George Washington Papers

To George Washington from Thomas Jefferson, 12 February 1781

Richmond Feby 12. 1781.


The inclosed extract of a Letter from Governor Nash which I received this Day being a confirmation of the intelligence I transmitted in a former Letter I take the liberty of handing it forward to your Excellency. I am informed through a private channel on which I have considerable reliance that the enemy had landed 500 troops under the command of a Major Craig who were joined by a number of disaffected, that they had penetrated 40 miles: that their aim appeared to be the Magazine at Kingston from which place they were about 20 Miles distant.

Baron Steuben transmits to your Excellency a Copy of a Letter from General Greene by which you will learn the events which have taken place in that quarter since the defeat of Colo. Tarlton by General Morgan. These events speak best for themselves & no doubt will suggest what is necessary to be done to prevent the successive losses of State after State to which the want of arms & of a regular Soldiery seem more especially to express those in the South. I have the honor to be with every sentiment of respect Your Excellency’s mo. ob. & mo. hble Servant

Th: Jefferson

DLC: Papers of George Washington.


2 February 1781

Extract of a Letter from Governor Nash of N. Carolina to Govr Jefferson of Virga Dated Colo. Longs. Feby 2. 1781.

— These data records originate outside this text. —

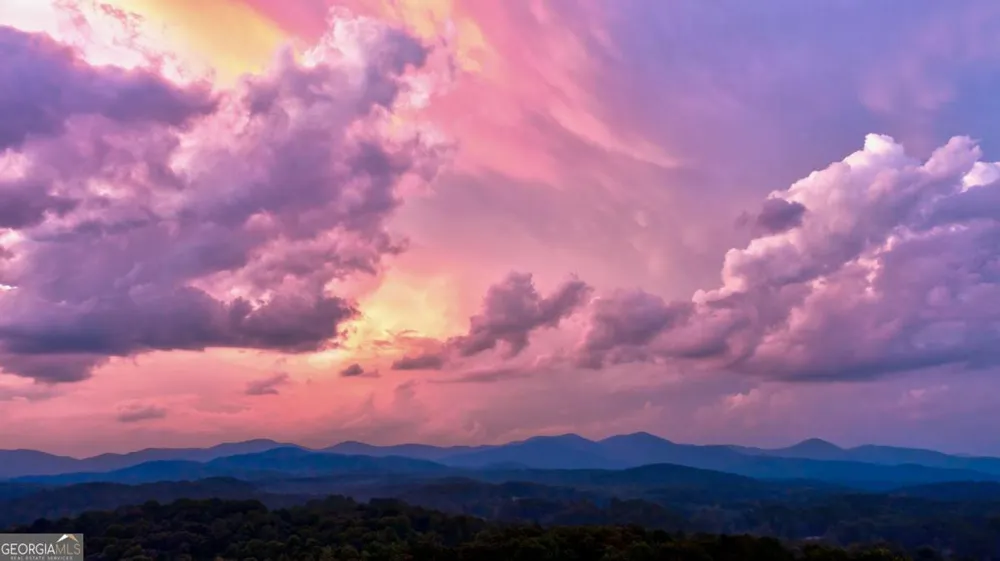 6.7 Grateful View DR Dahlonega, GA 30533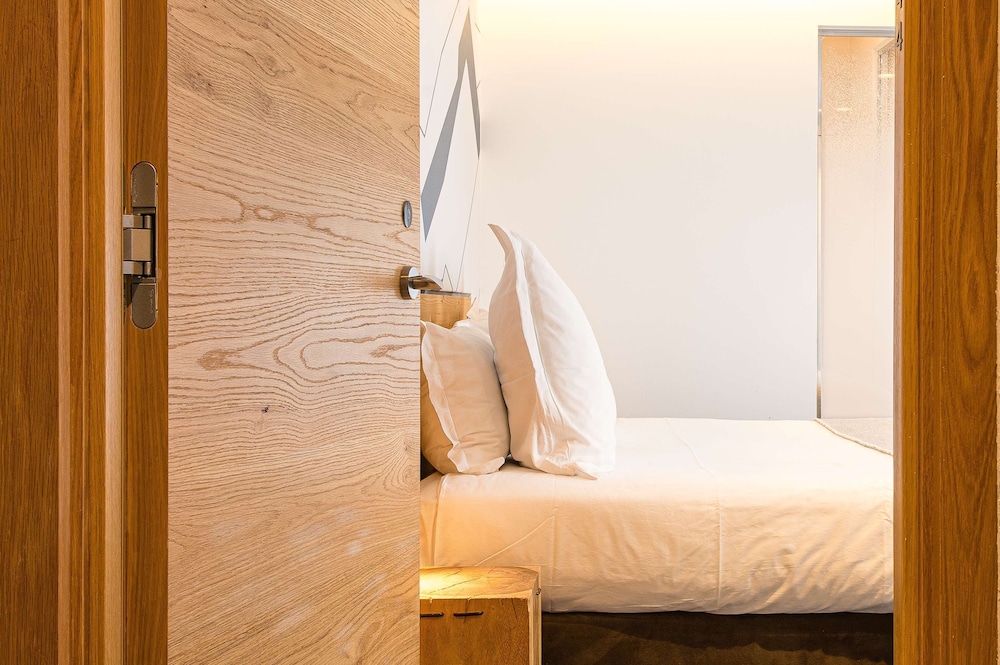 Deluxe Room, 1 King Bed, Non Smoking, Mountain View photo 3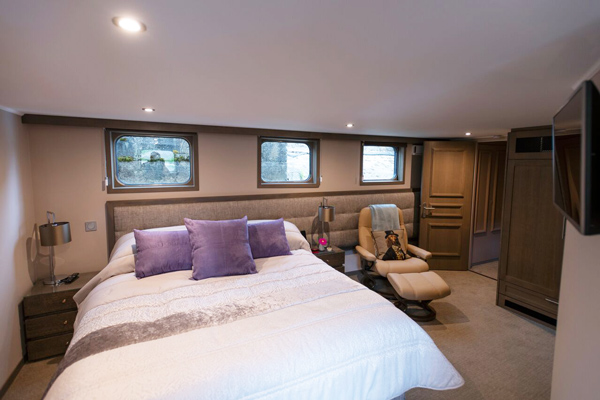 French Hotel Barge Grand Cru - guest cabin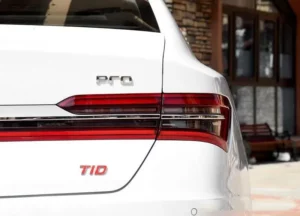 مصابيح بي واي دي كين برو 2022 الخلفية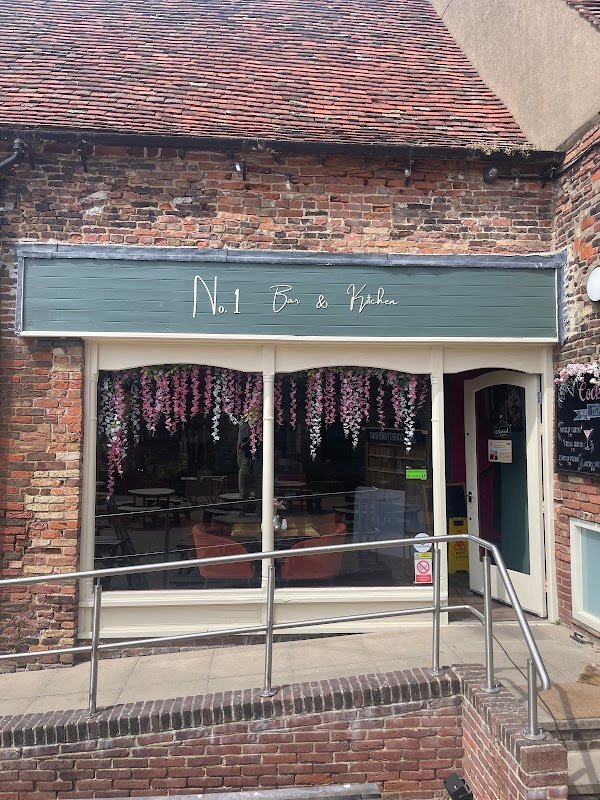 No.1 Bar & Kitchen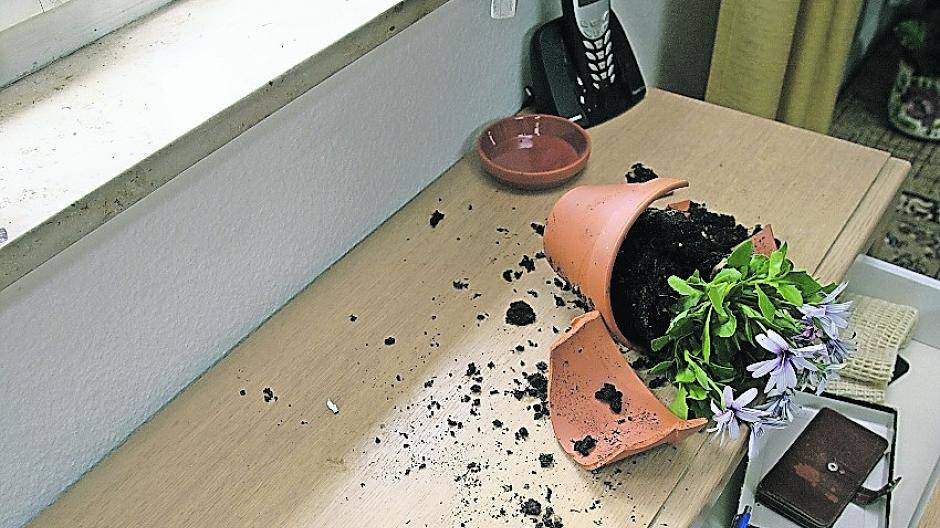  Die Schubladen durchwühlt, die Intimsphäre verletzt: Damit es gar nicht erst so weit kommt, bietet die Polizei Beratungstermine zum Einbruchschutz an. 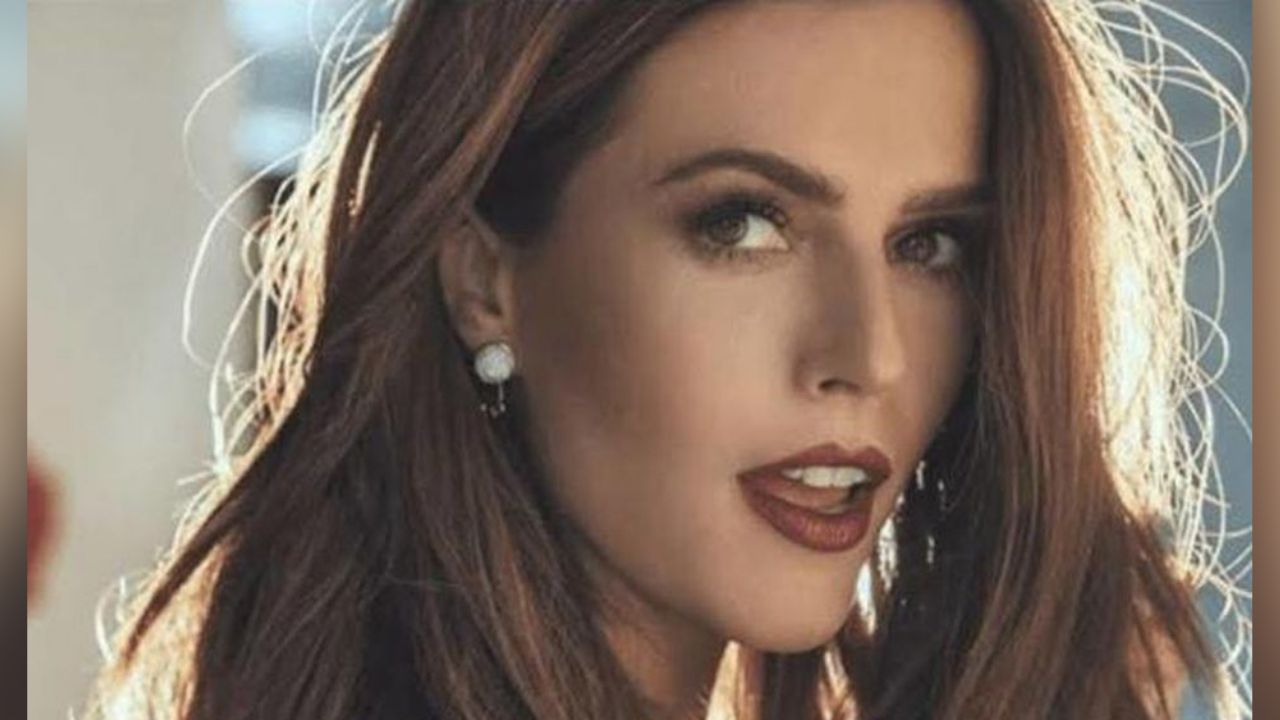 Claudia Álvarez pone de ‘cabeza’ a todo Televisa al posar en infartante ‘outfit’ negro: “Perfecta”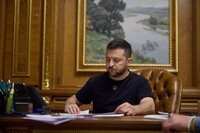 Зеленський ветував закон про штрафи для посадовців за неявку на виклик до Ради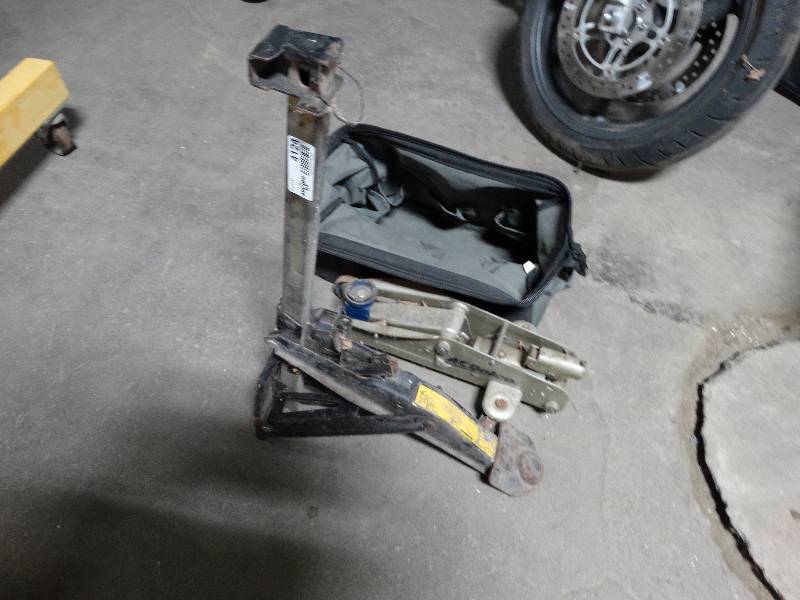 lot 4124 image: Lot of 2 jacks & 1 tool bag.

"I am now sir to acquaint you that I have just recd an acct of the arrival of a British Fleet in Cape Fear river—The acct says 18 large Ships had got over the bar & a considerable number in the offing. This invasion will I fear distress us very greatly—our men in the lower parts of the Country being by frequent drafts almost entirely exhausted of arms—this invasion in another respect affects us greatly because if we shall not be able to check them in a short time, they no doubt will open a Comn with the Highland Settlements about 100 miles up Cape Fear river—these men are at heart all enemies. in short Sir there remains no doubt but that the reduction of this State is the immediate object of the British & I fear we shall be exposed to very great distress bifore we get rid of them—the regulars in this department are inconsiderable—they with the western Militia I have no Doubt will be able to repel any advanceof Lord Cornwallis—but how the poor unpractised & unarmed Militia of the lower parts without the aid of one regular will be able to restrain the progress of the enemy lately arrived I cannot foresee."